Of the 116 pools, spas and baby pools the Monroe County Health Department regularly inspects, fewer than 1 percent are in compliance with the new law, said Simeon Baker, the department’s environmental health specialist.
The federal law that took effect Dec. 19 requires all public pools, spas and whirlpools to have anti-entrapment covers over their main drains.
The law, called the Virginia Graeme Baker Pool and Spa Safety Act, is named after former Secretary of State James Baker’s granddaughter, who drowned in 2002 when the suction from a spa drain trapped her underwater.

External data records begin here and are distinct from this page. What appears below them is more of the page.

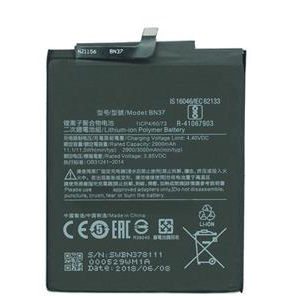Xiaomi baterija BN37 za Xiaomi Redmi 6 / Redmi 6A 3000 mAh - original (s-pack)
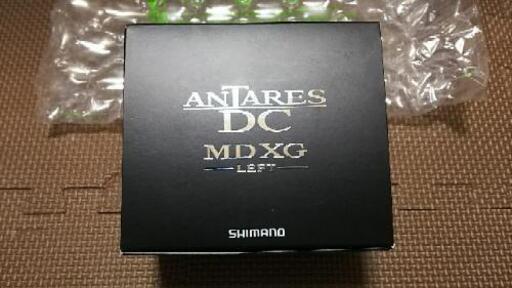 数量限定新品未開封シマノアンタレスDCMDXG 左ハンドル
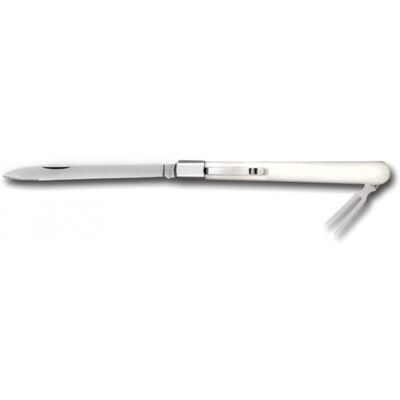 Fischer-Bargoin Couteau de dégustation bargoin pliant pour fromages lame 11cm inox - Publicité Fischer-Bargoin Couteau de dégustation bargoin pliant pour fromages lame 11cm inox - Publicité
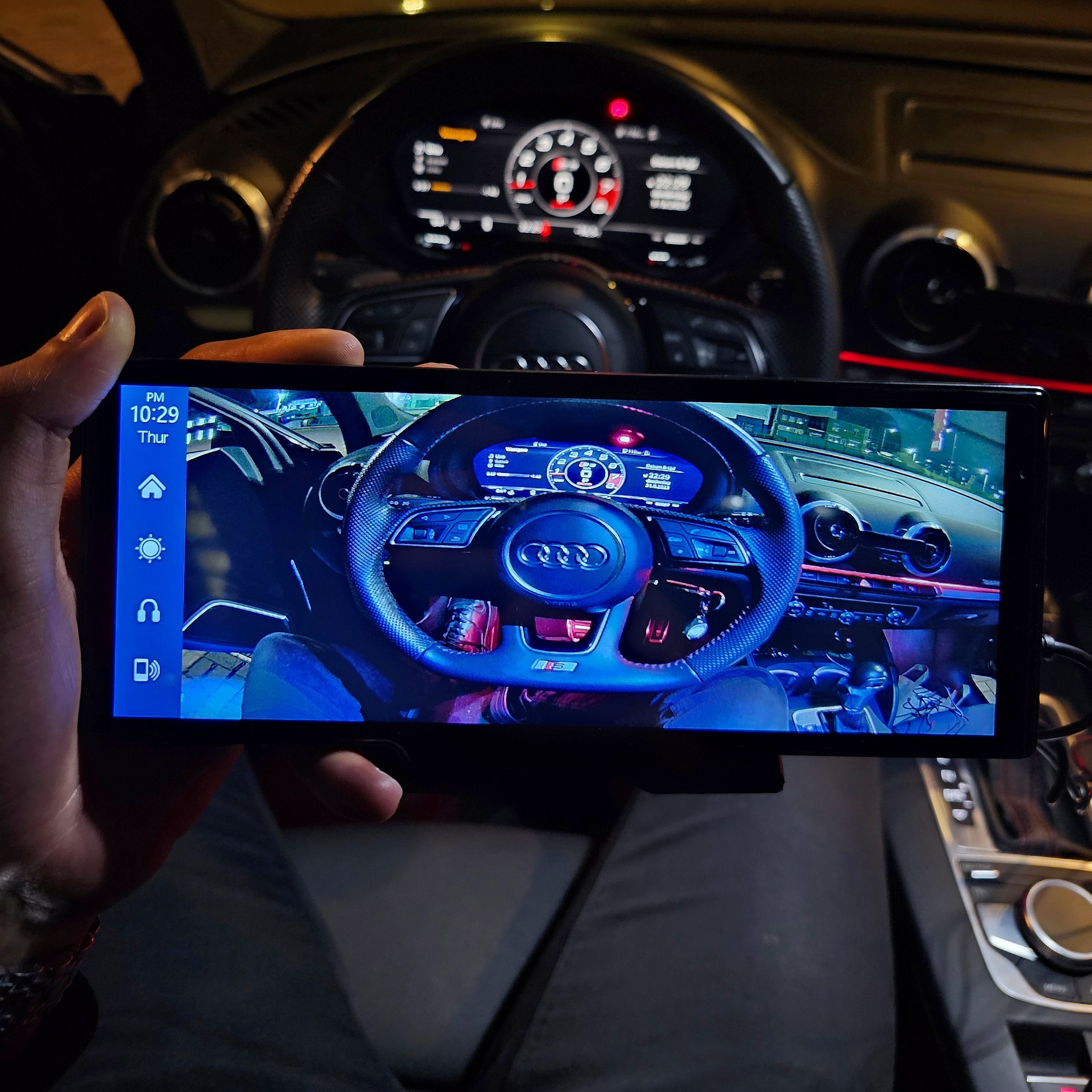 CarPlay + Android Auto Bildschirm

The legislation is designed to prevent injury or death caused when people become entrapped by the suction from pool or spa drains. Victims can be disemboweled by the powerful suction, or drown if their buttocks, hair, jewelry or limbs become trapped by the drain’s suction.
Most of the victims were between 5 and 9 years old.

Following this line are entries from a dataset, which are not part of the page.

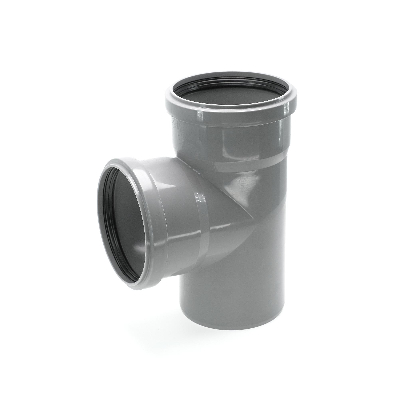 Тройник канализационный 87 град. 110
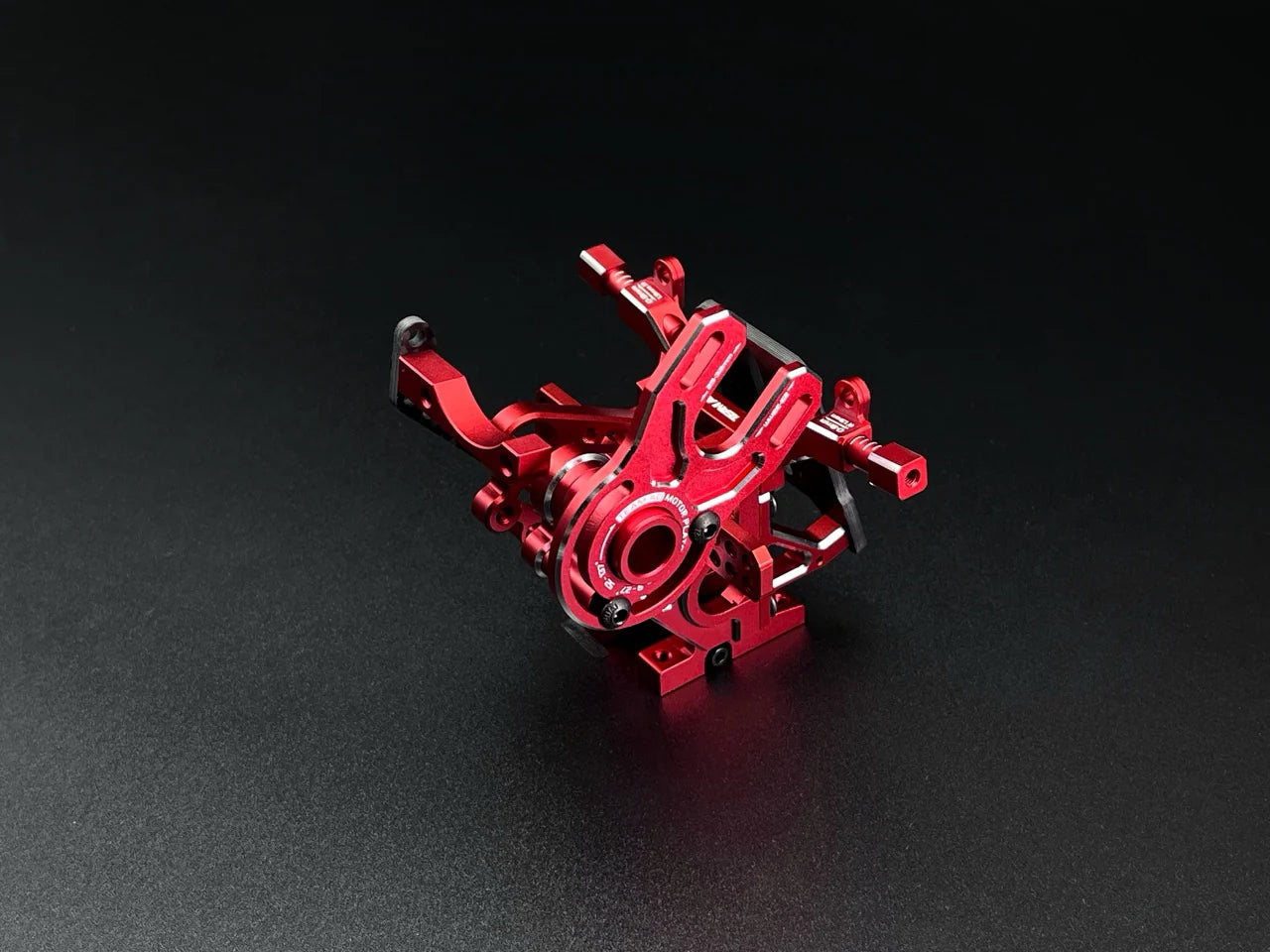 Team AD AD-XR Transmission For RDX GEAR BOX - RED  [Team AD] AD-9016R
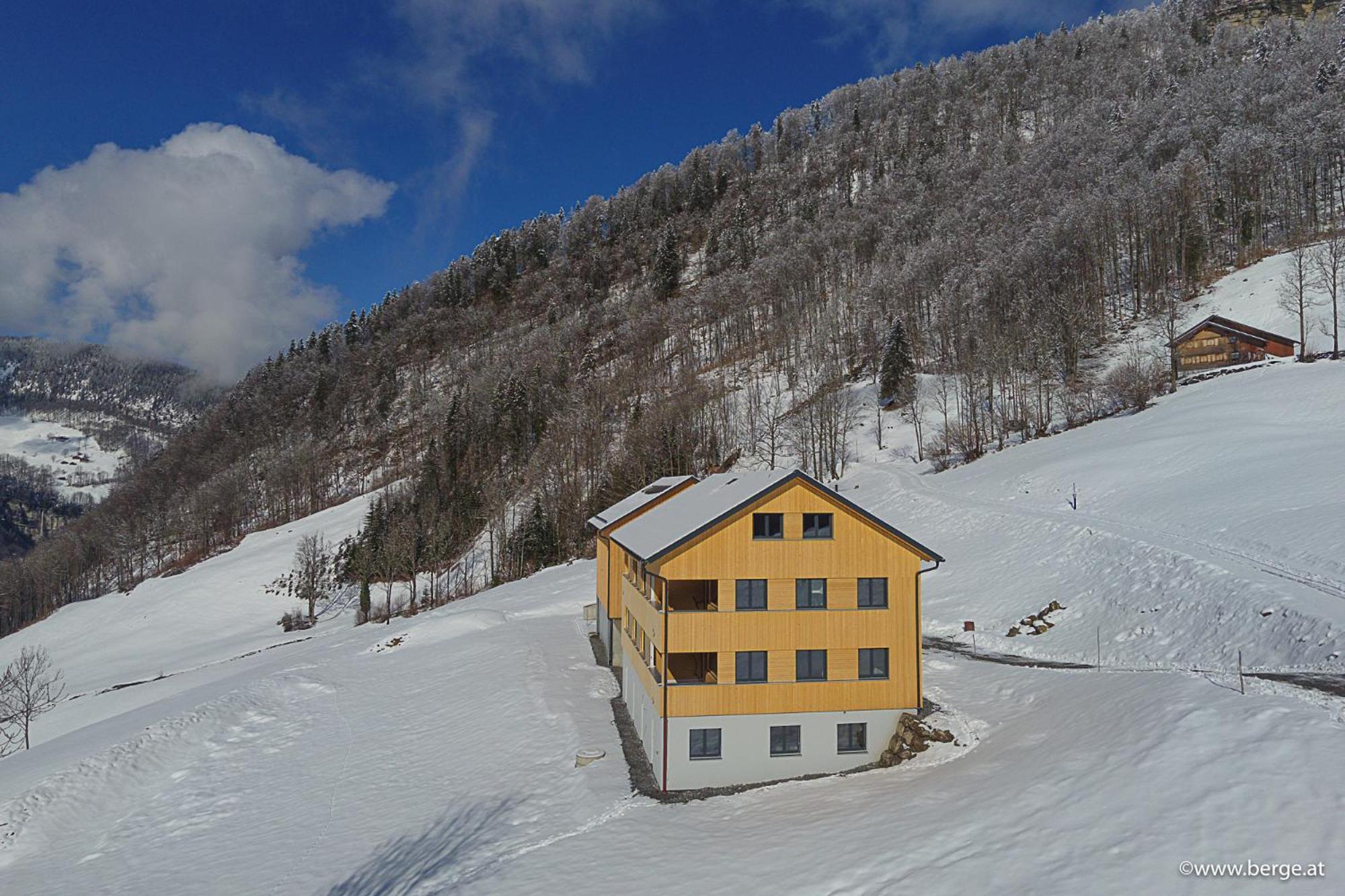 Panoramahof Bergglueck Apartment Mellau Luaran gambar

Between 1999 and 2007 in the U.S., there were 9 deaths and 53 injuries suffered in public and residential pools and spas by drain suction entrapment, according to the Consumer Product Safety Commission.
Rob Gilchrist, aquatics coordinator with the Bloomington Parks and Recreation Department, said he thinks the law will save lives, but he’s frustrated by the short amount of time given for pools, spas and whirlpools to comply.

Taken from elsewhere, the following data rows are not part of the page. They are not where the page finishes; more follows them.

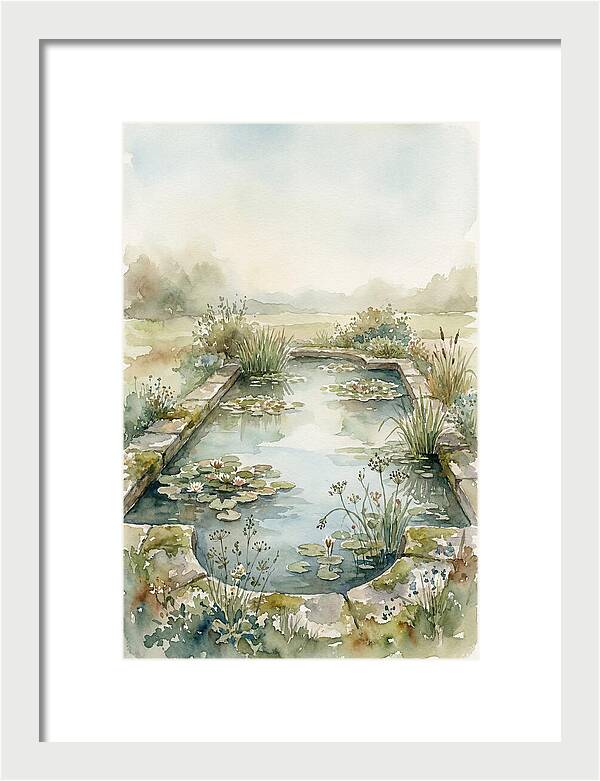 Garden Pool Serenity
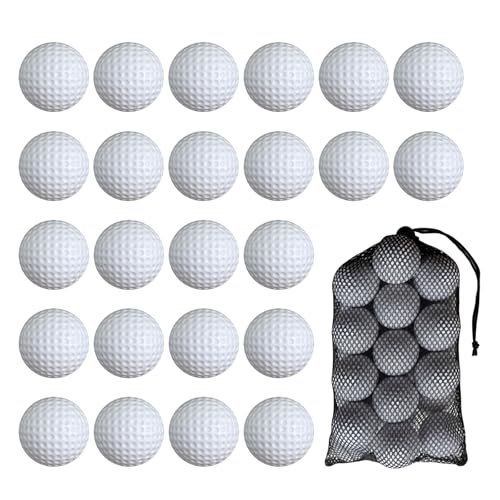 HHLZM 24 Pack Foam Golf Practice Balls,Practice Golf Balls for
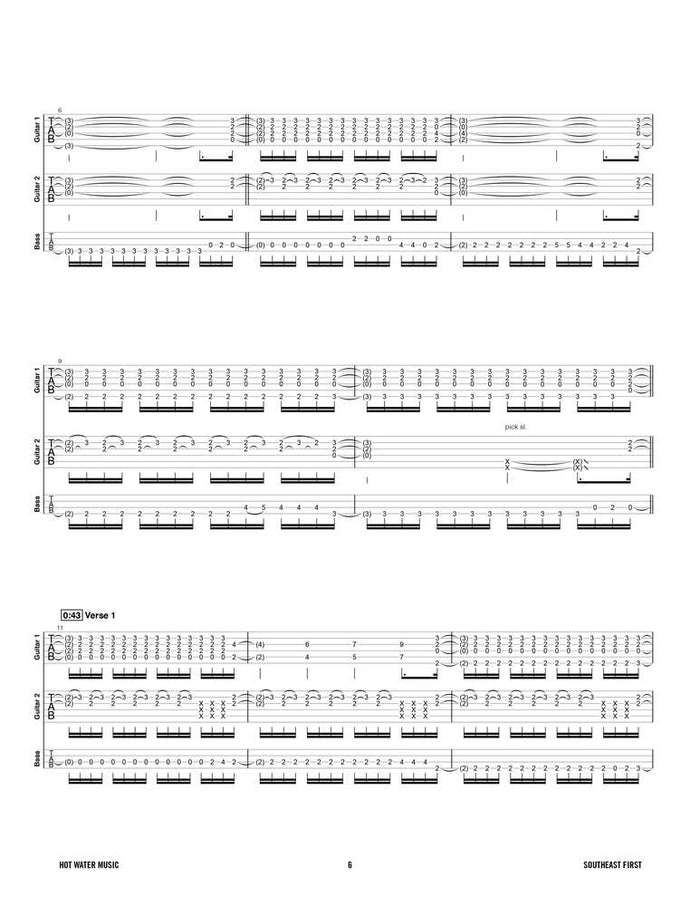 Printed Guitar & Bass Book, Digital Guitar & Bass Book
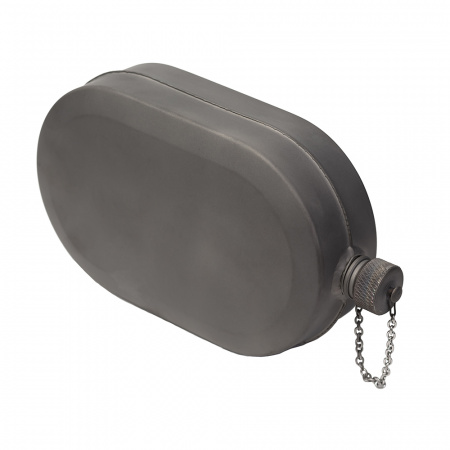 Фляга 0,7 л, титан (Роза ветров)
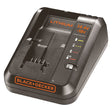 BLACK DECKER CARICABATTERIA RAPIDO 'BDC1A-QW' 14,4 - 18 V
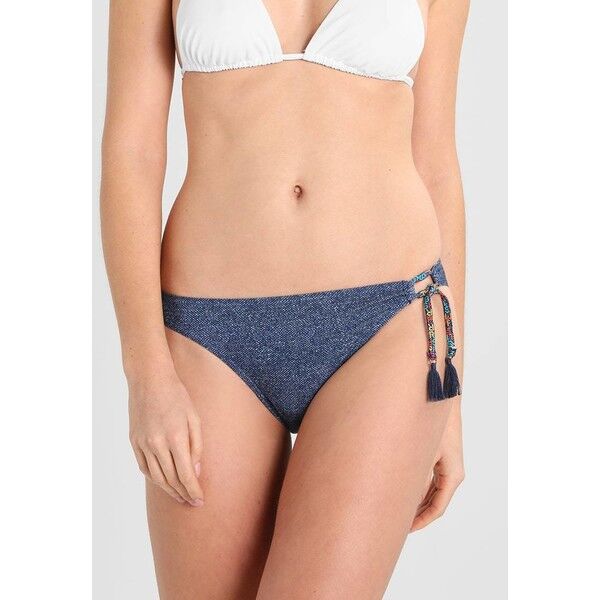 Esprit SAN FRANCISCO BEACH MINI Dół od bikini dark blue ES181I01P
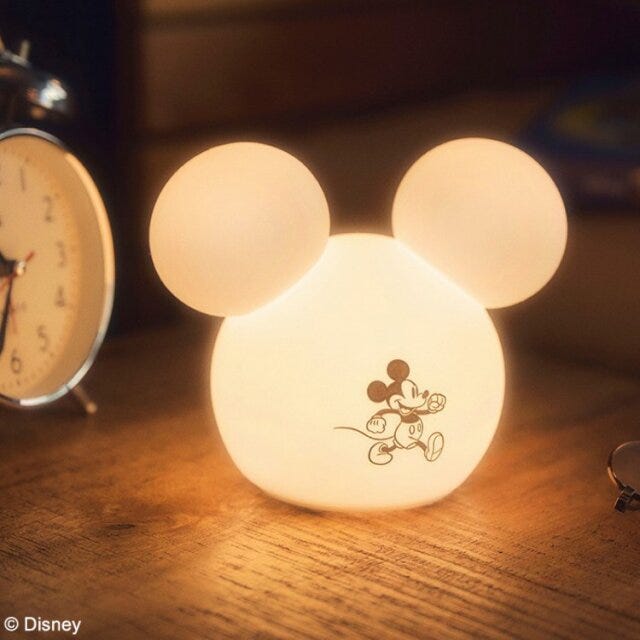 宝島社　ムック本　付録　人気　ディズニー　ライト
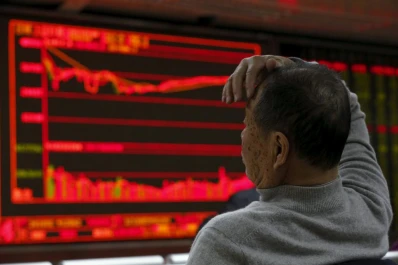 Las fuertes pérdidas de las Bolsas chinas arrastraron a los mercados mundiales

“The law passed just a year ago and is placing a huge strain on the industry,” he told The Herald-Times. “There are not a lot of companies making these drain covers but there are a lot of people wanting them.”
Gilchrist said it’s proved particularly difficult for him to try to get the large drain covers needed to fit over the main drains at the parks department’s two pools.
“At this time no manufacturer makes the size of drain cover we need, so we had to make a special order,” he said.
Gilchrist said he hopes the covers will arrive in time for the scheduled May 23 opening of the Bryan Park and Mills pools. If not, he isn’t sure if the pools would open as scheduled.
The Dec. 19, 2008, deadline does not apply to all pools and spas. Those that were closed on that date are not required to comply with the new law until they reopen to the public.
Scott Wolfson, a spokesman for the Consumer Product Safety Commission, said the federal agency “is encouraging all pool owners and operators who have not come into compliance with the law to do so as quickly as possible.” Wolfson said all state and local officials, as well as pool operators, need to be aware that the law has been in effect since Dec. 19.
In the Bloomington area, a few hotel pools have installed the required equipment. The Monroe County YMCA will do so in its two pools and two hot tubs this month at a cost of $16,000.
“We couldn’t get the parts by Dec. 19 because the drain cover manufacturers couldn’t keep up with the demand,” Sara Herold, YMCA spokeswoman.
Bill Ramos, director of Indiana University’s Aquatic Institute, said none of IU’s pools are currently in compliance. He said IU would soon hire a company to do a complete assessment of IU’s pool and hot tub drains.
Once that’s completed, he will order the necessary equipment needed to make the pools and hot tubs compliant.